2. Dissenting Opinion of Three Justices

Given our judge appointment system where the trainees of the Judicial Research and Training Institute have become a judge immediately after completing the course taught in that Institute was just a choice of the legislature taking account of lack of manpower resources in legal profession and recent 10 year changes where only a small percentage of people having completed that course of the Institute have become a judge, we found that the complainants' confidence in that system has not been provided by the legislation but has been created by themselves through making use of that opportunity reflexively granted.

In our view, the changes in qualifications for becoming a judge

requiring certain period of experience was fully anticipated: even considering the details of revision of the Court Organization Act at issue, the revision of the laws and regulations with respect to qualifications of becoming a judge has underwent the process of publicity for at least 10 years; the legislature has broad discretion in enacting statutes regarding such qualifications pursuant to Article 101 Section 3 of the Constitution.
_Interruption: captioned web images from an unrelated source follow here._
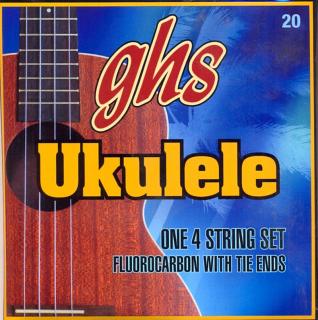Struny na sopránové i koncertní ukulele GHS 20 D ladění (Sada flourocarbonivých strun - D ladění)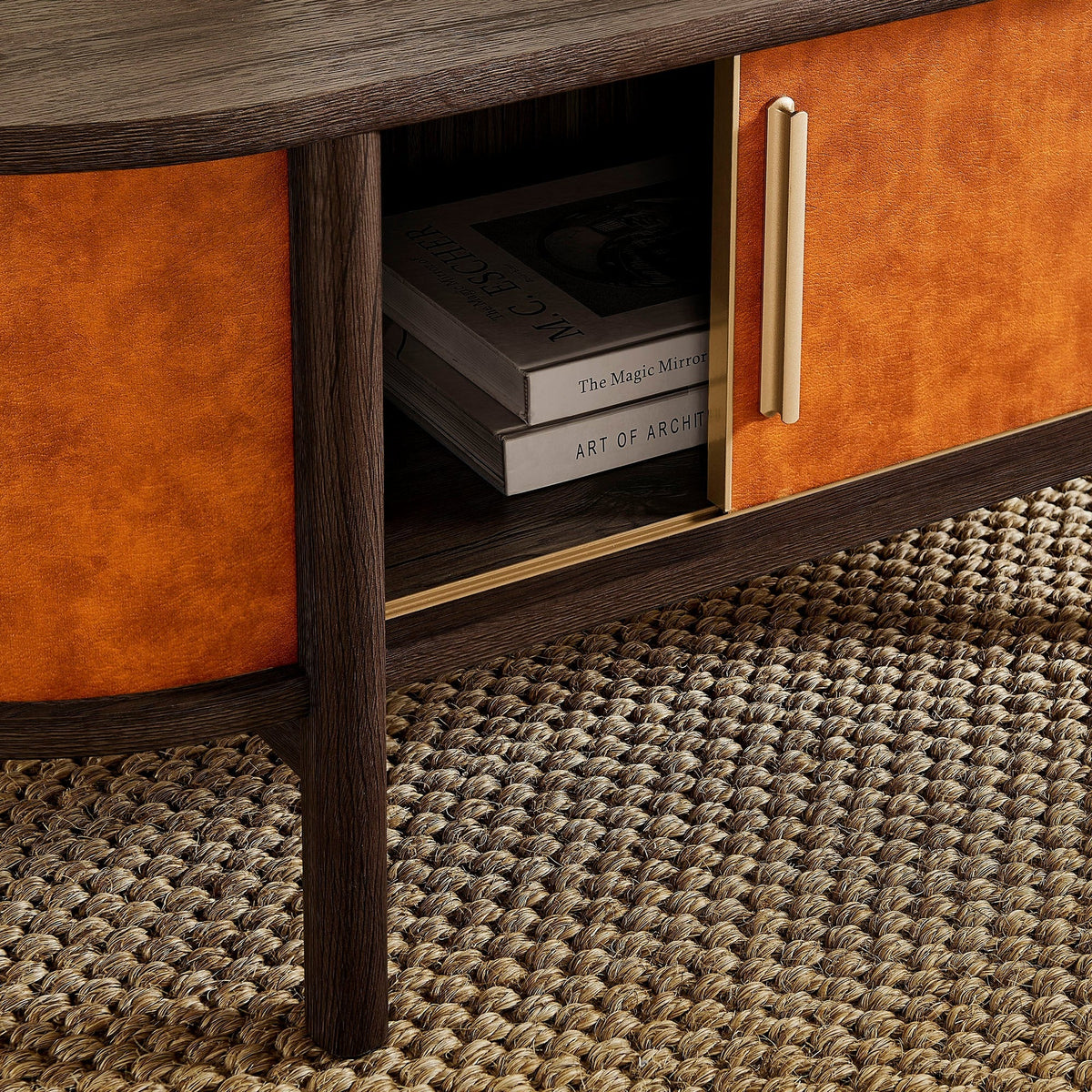 Coralie Curved Vegan Leather Oval Coffee Table in Walnut Tan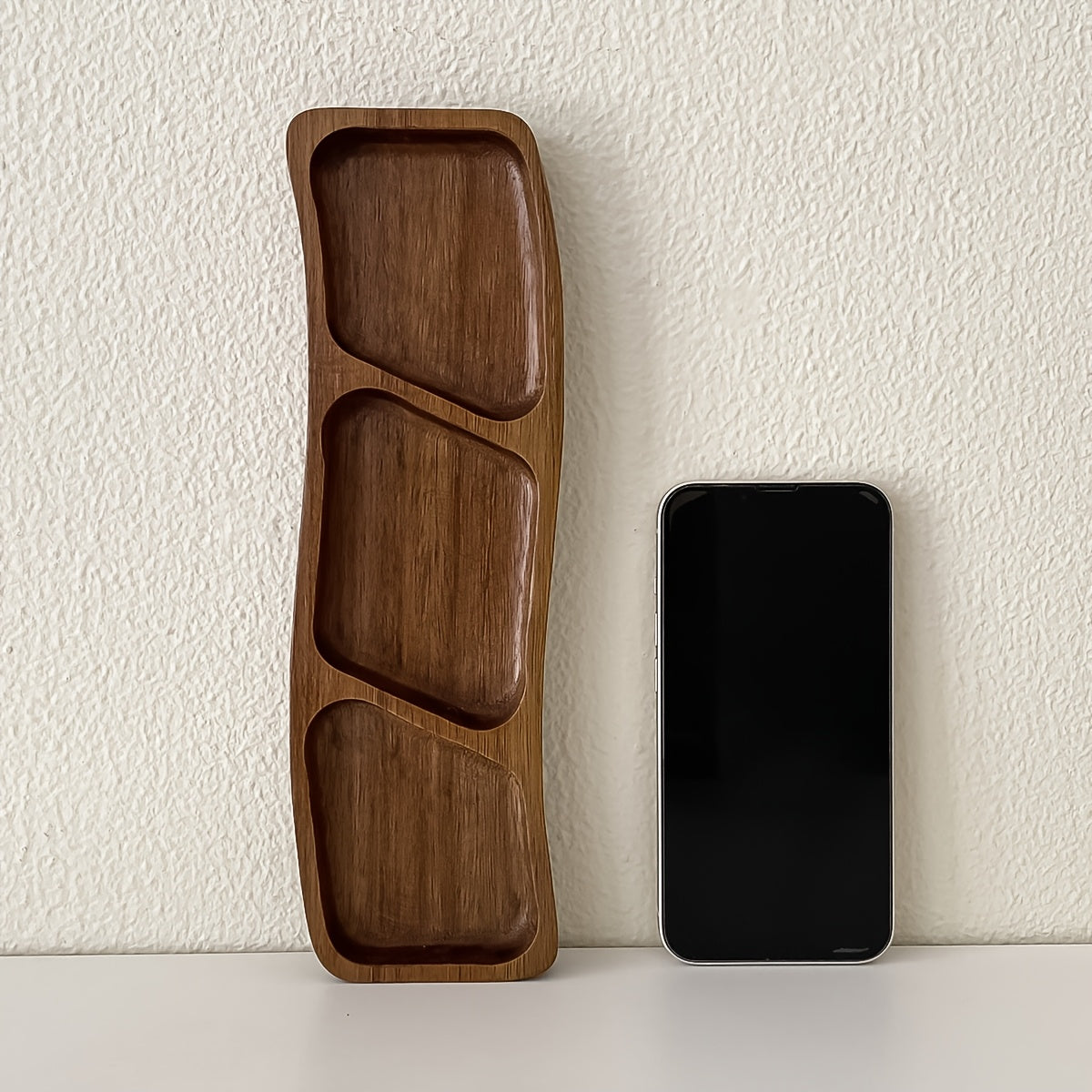 Versatile Wooden Snack Tray with 3/4 Compartments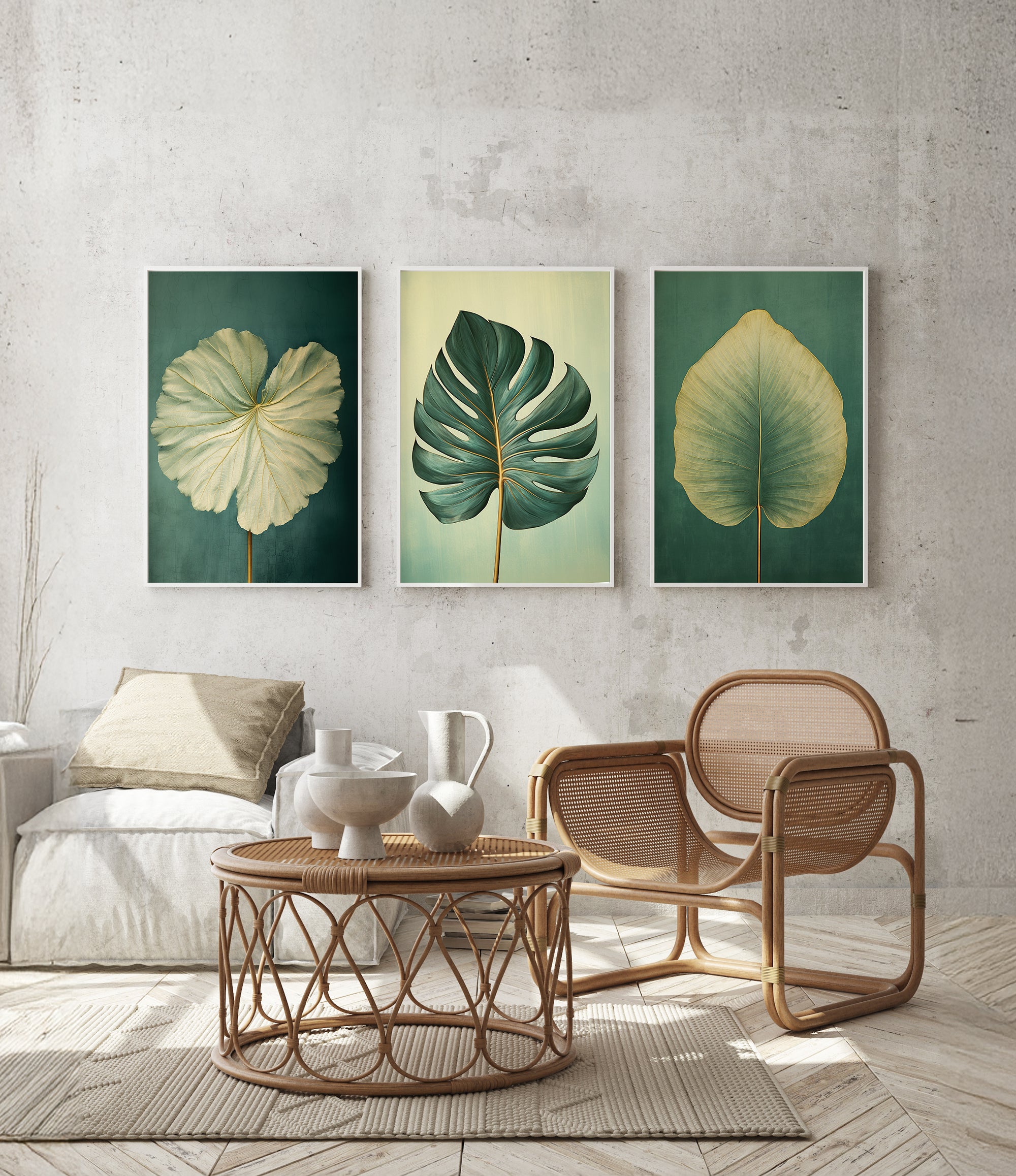 a cozy living room with a wicker chair, a coffee table, and three framed botanical leaf art pieces on the wall.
Furthermore, we cannot find that the complainants' confidence in laws is worthy to be protected.

Moreover, the disadvantages to be suffered by the complainants are not likely to be so great because there is no restriction on the complainants to have other occupations rather than becoming a judge and only three years of legal experience are required to become a judge, while the public interest in reinforcing the protection of people's basic right and enhancing people's trust in the judiciary by appointing and making judges having legal experience make decisions on cases is significant. Therefore, for the reasons stated above, it shall not be considered that the damage on the complainants' interest in the confidence in laws outweighs the public interest pursued by the Instant Provisions.